Home

Hoge Raad, 28-03-2001, AB0764, 35968

Hoge Raad, 28-03-2001, AB0764, 35968

Gegevens

Instantie
Hoge Raad
Datum uitspraak
28 maart 2001
Datum publicatie
5 maart 2002
ECLI
ECLI:NL:HR:2001:AB0764
Zaaknummer
35968
Relevante informatie
Algemene wet inzake rijksbelastingen [Tekst geldig vanaf 01-01-2024 tot 01-01-2025] art. 30f

Inhoudsindicatie

-

Uitspraak

Nr. 35968

28 maart 2001

gewezen op het beroep in cassatie van de besloten vennootschap met beperkte aansprakelijkheid X B.V. te Z tegen de uitspraak van het Gerechtshof te Arnhem van 20 januari 2000, nr. 95/1489, betreffende na te melden beschikking inzake heffingsrente.

1. Aanslag, beschikking, bezwaar en geding voor het Hof

Aan belanghebbende is door de Inspecteur van de Belastingdienst Ondernemingen te P (hierna: de Inspecteur) over het tijdvak 1 januari 1991 tot en met 31 januari 1993 een naheffingsaanslag omzetbelasting opgelegd ten bedrage van f 1.574.130. Bij gelijktijdig gegeven beschikking is een bedrag van f 320.144 aan heffingsrente in rekening gebracht, welke bedrag op het aanslagbiljet is vermeld.

De beschikking inzake heffingsrente is, na daartegen gemaakt bezwaar, bij uitspraak van de Inspecteur gehandhaafd.

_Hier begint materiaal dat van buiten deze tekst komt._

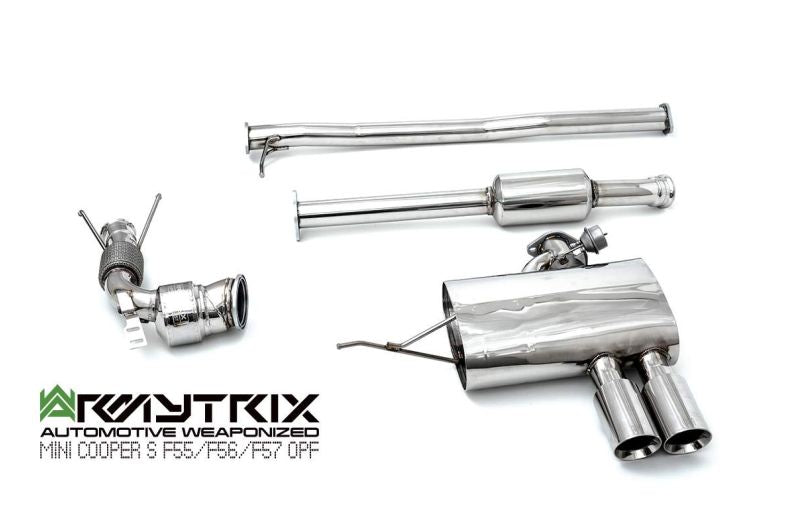 Tuyau d'échappement sport Armytrix avec revêtement céramique et catalyseur 200 cpsi + (couvercle de sonde lambda) pour MINI Cooper S F56 F57 2.0 turbo (2019-2024)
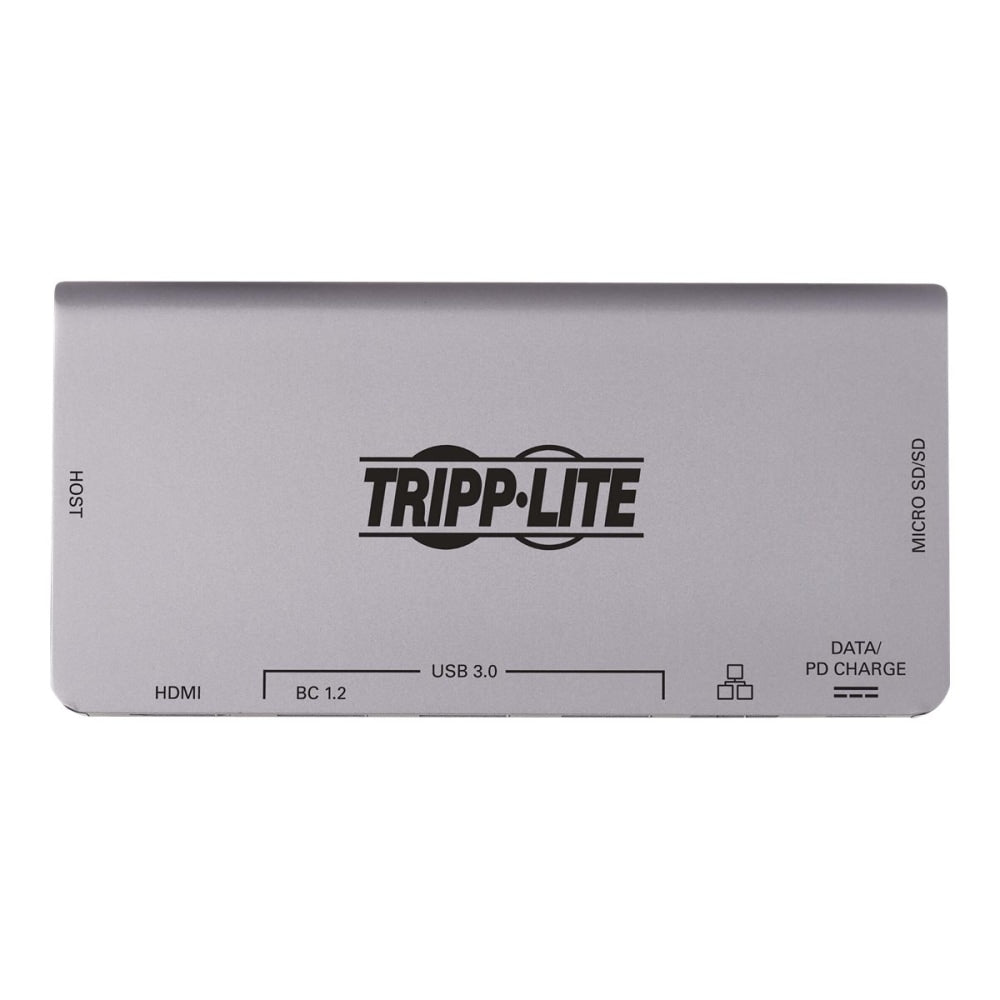 Tripp Lite USB C Docking Station USB Hub 4k w/ HDMI, Gbe Gigabit Ethernet, SD Card Reader, PD Charging - Docking station - USB-C 3.1 / Thunderbolt 3 - HDMI - 1GbE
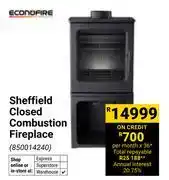 Builders Warehouse Econo Fire Sheffield Closed Combustion Fireplace 850014240 offer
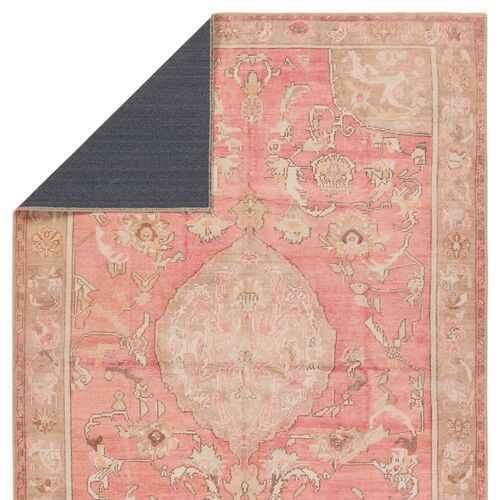 Vibe by Cheney Medallion Pink/Beige Area Rug 3 Vibe by Cheney Medallion Pink/Beige Area Rug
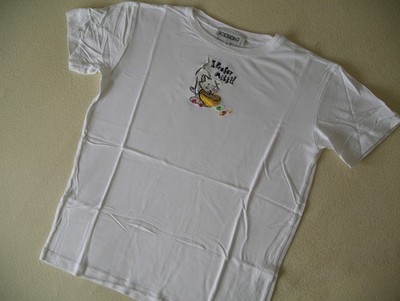 * ICEBERG * Damen * Schickes T-Shirt  * Gr: 42 * Weiß mit Motiv *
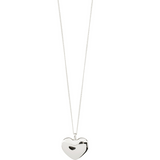 pilgrim sophia silver heart pendant necklace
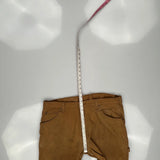 Dickies Carpenter Trousers - 36W 30L Brown Cotton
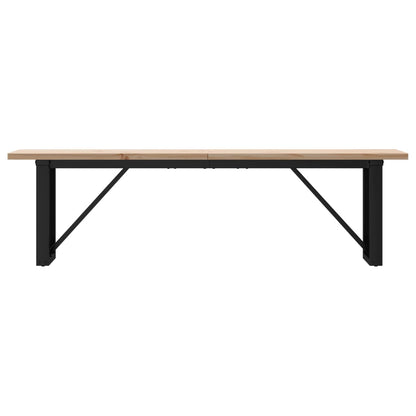 Couchtisch O-Gestell 160x40x45,5 cm Massivholz Kiefer Stahl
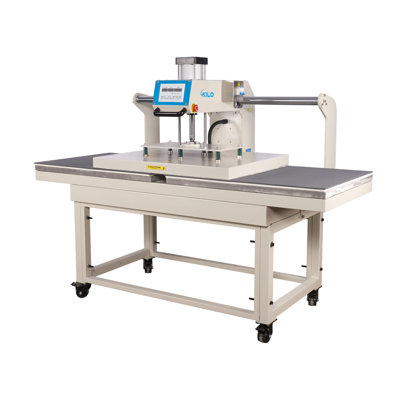28x36 large formart pneumatic up sliding dual platen heat press machine 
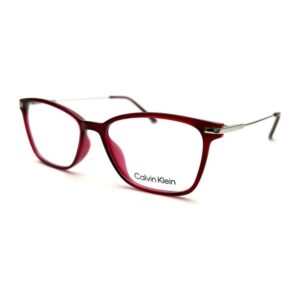 Óculos de Grau Feminino Calvin Klein Quadrado Acetato Vinho 20705 653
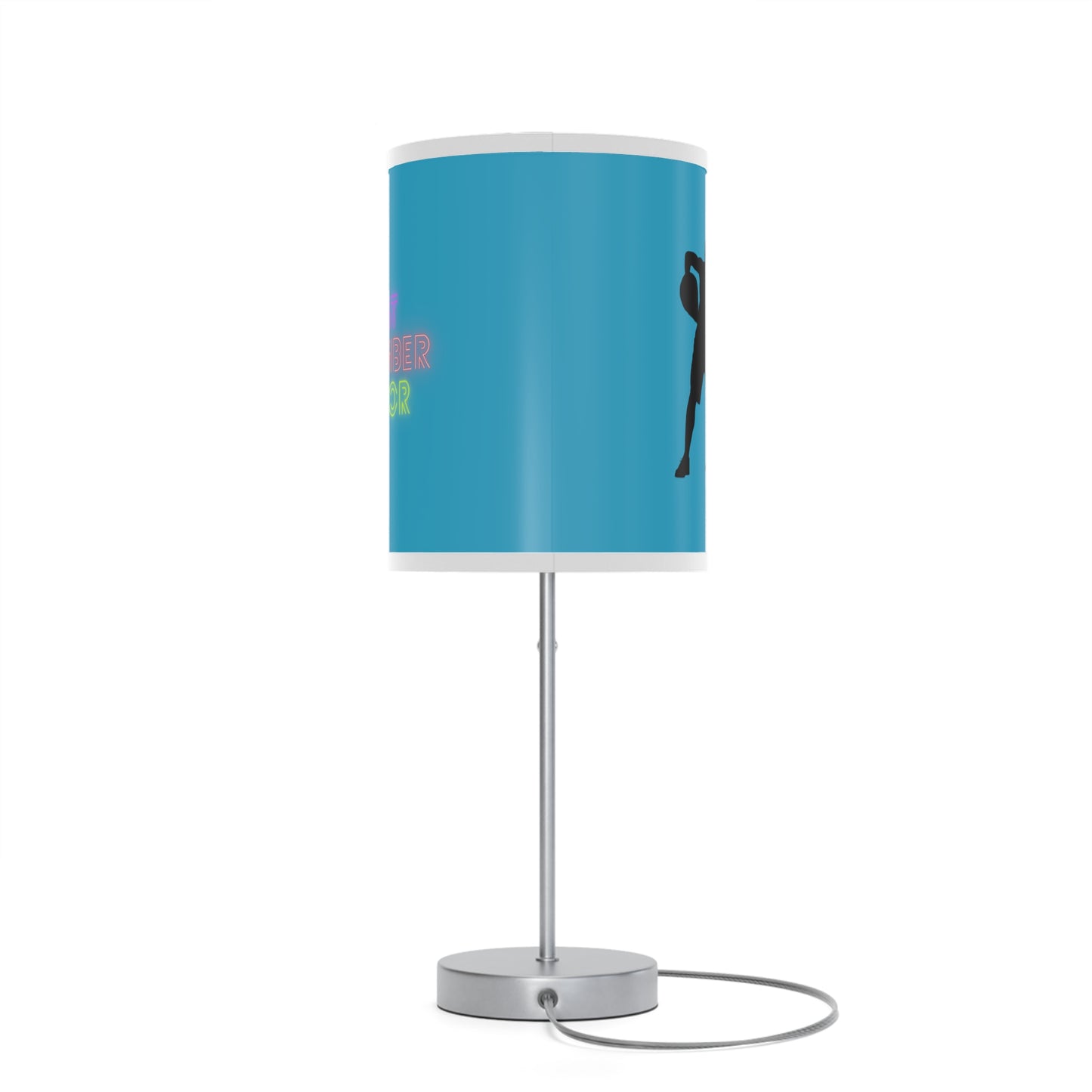 Lamp on a Stand, US|CA plug: Basketball Turquoise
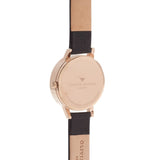 Seven Season 3D Bee Botanical Midi Dial Black and Rose Gold Watch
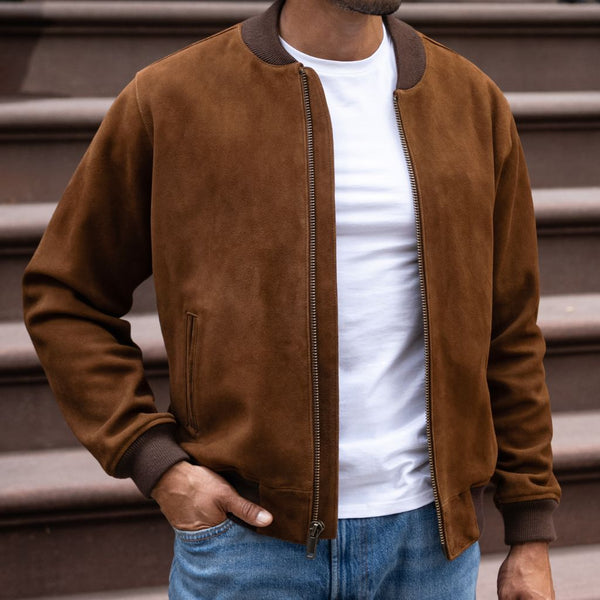Bomber Jacket | Cinnamon — product photo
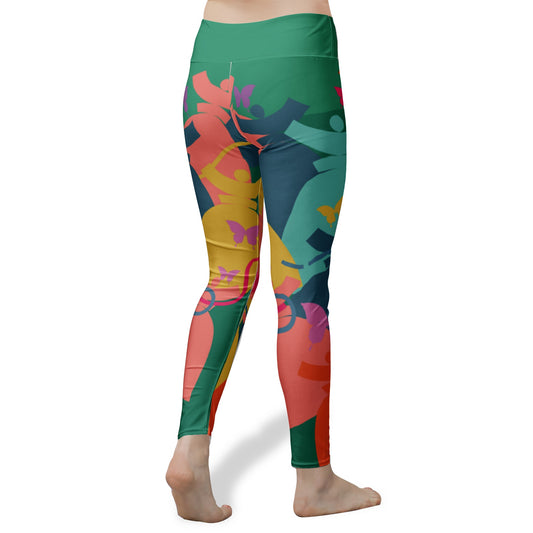 Leggings taille haute - Dolores vert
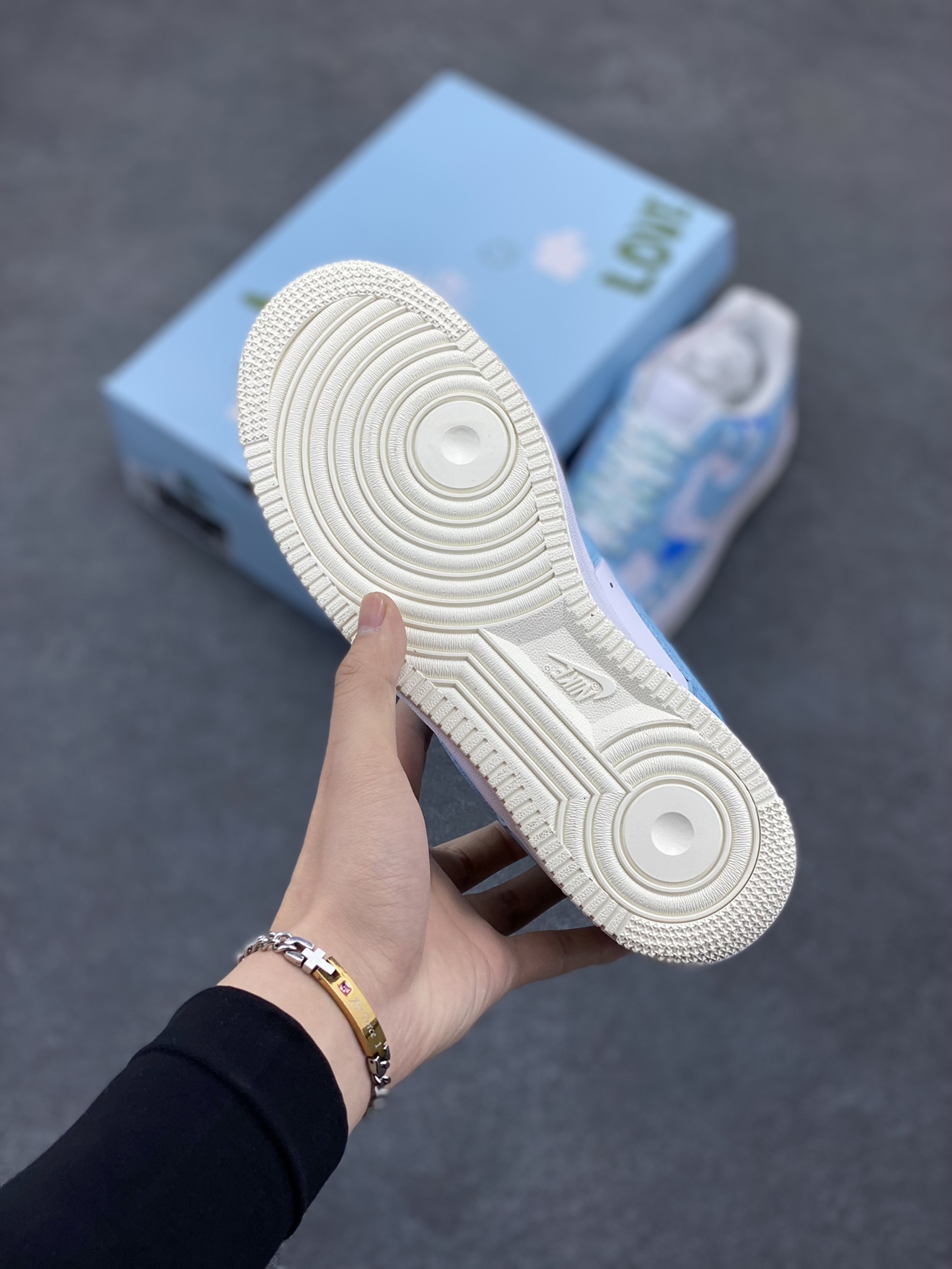 图片[5]-Nike Air Force 1 Low’07 蓝天白云 配色 空军一号低帮休闲板鞋 定制皮料 原厂3D打印 定制鞋盒 原楦原纸板 纯正空军版型 内置全掌气垫 货号：CW2288-661 尺码：36 36.5 37.5 38 38.5 39 40 40.5 41 42 42.5 43 44 44.5 45-选品中心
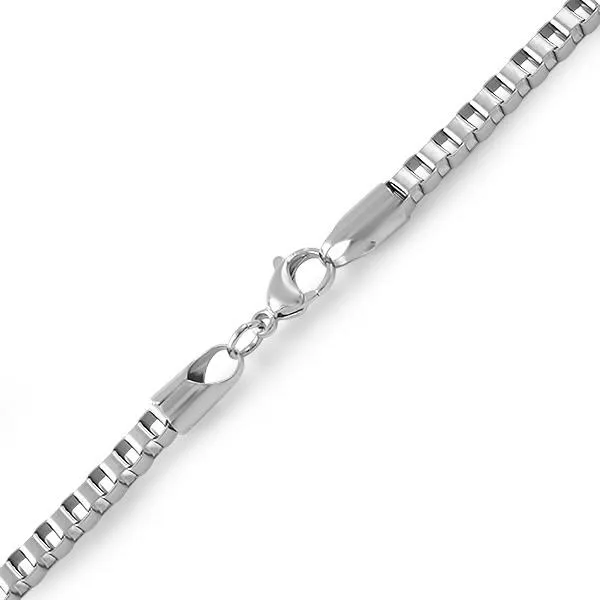 Box Stainless Steel Bracelet 4MM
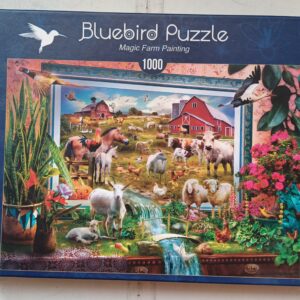 Bluebird Puzzle - Magic Farm Painting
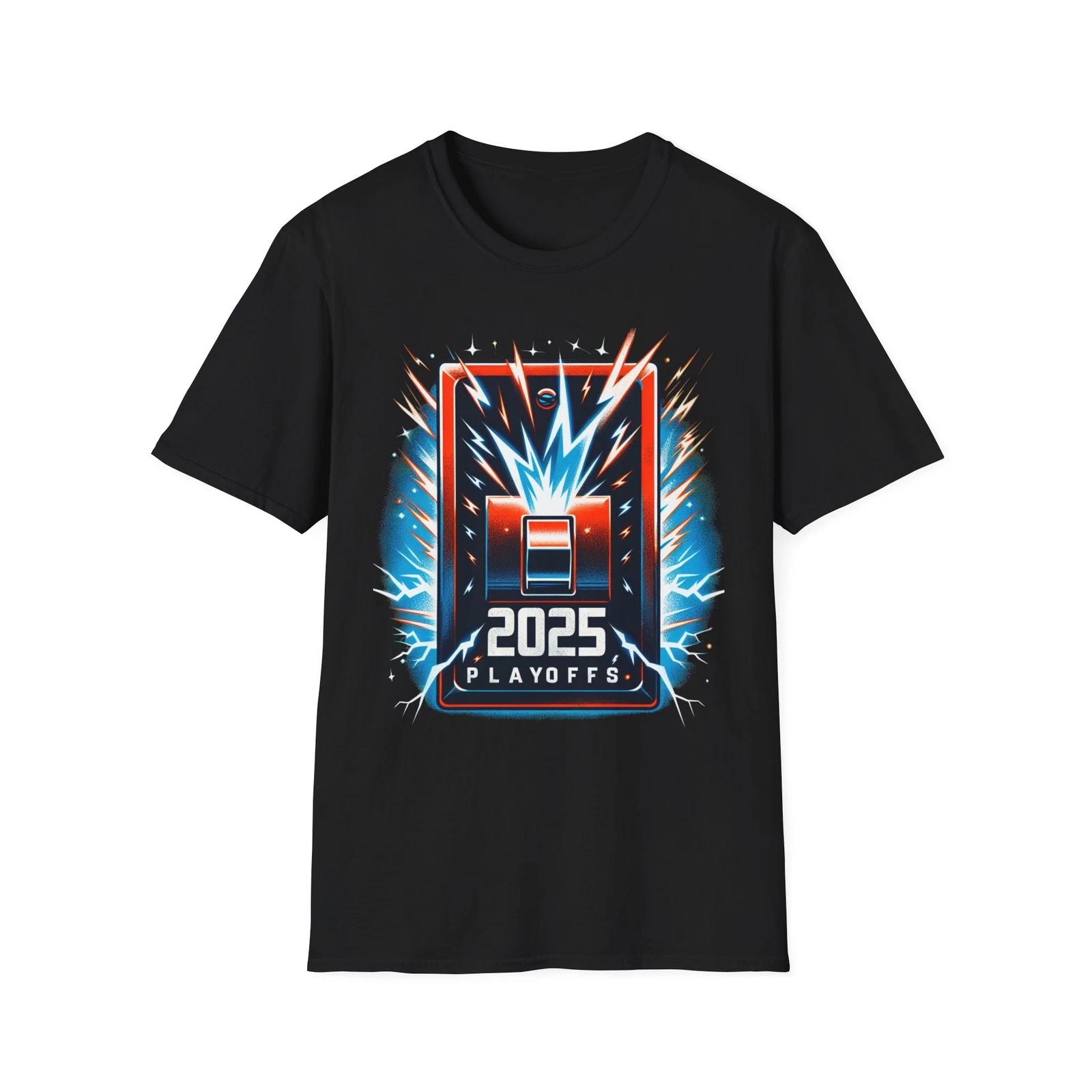 2025 Playoffs Unisex Tee, Softstyle Graphic Shirt, Sports Fan Gift, M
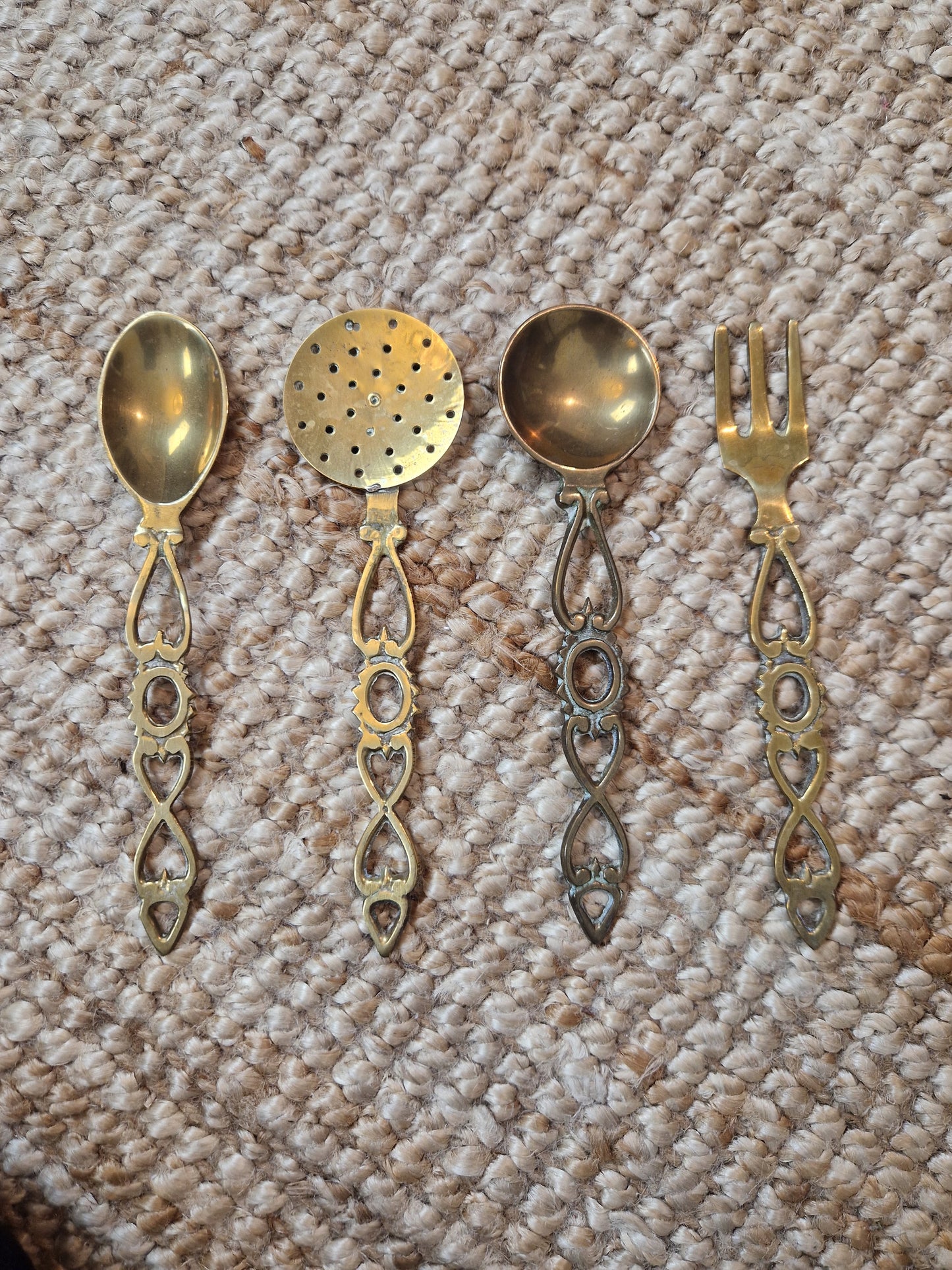 Brass Cutlery Set
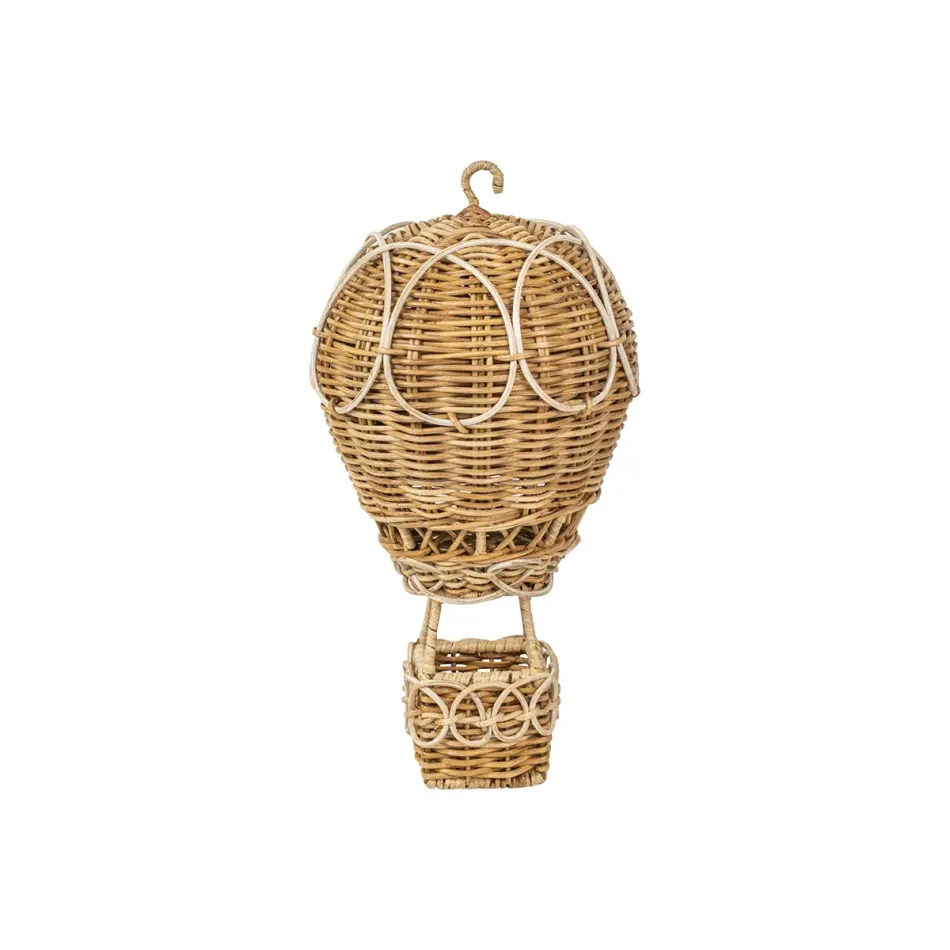 Provence Rattan 14" Hot Air Balloon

Belanghebbende is tegen de uitspraak van de Inspecteur in beroep gekomen bij het Hof.

Het Hof heeft de uitspraak van de Inspecteur vernietigd en de in rekening gebrachte heffingsrente verminderd tot rente over de tot en met 30 juni 1992 van belanghebbende nageheven belasting met als einddatum 28 juni 1995. De uitspraak van het Hof is aan dit arrest gehecht.

2. Geding in cassatie

Belanghebbende heeft tegen de uitspraak van het Hof beroep in cassatie ingesteld. Het beroepschrift in cassatie is aan dit arrest gehecht en maakt daarvan deel uit.

De Staatssecretaris van Financiën heeft een verweerschrift ingediend.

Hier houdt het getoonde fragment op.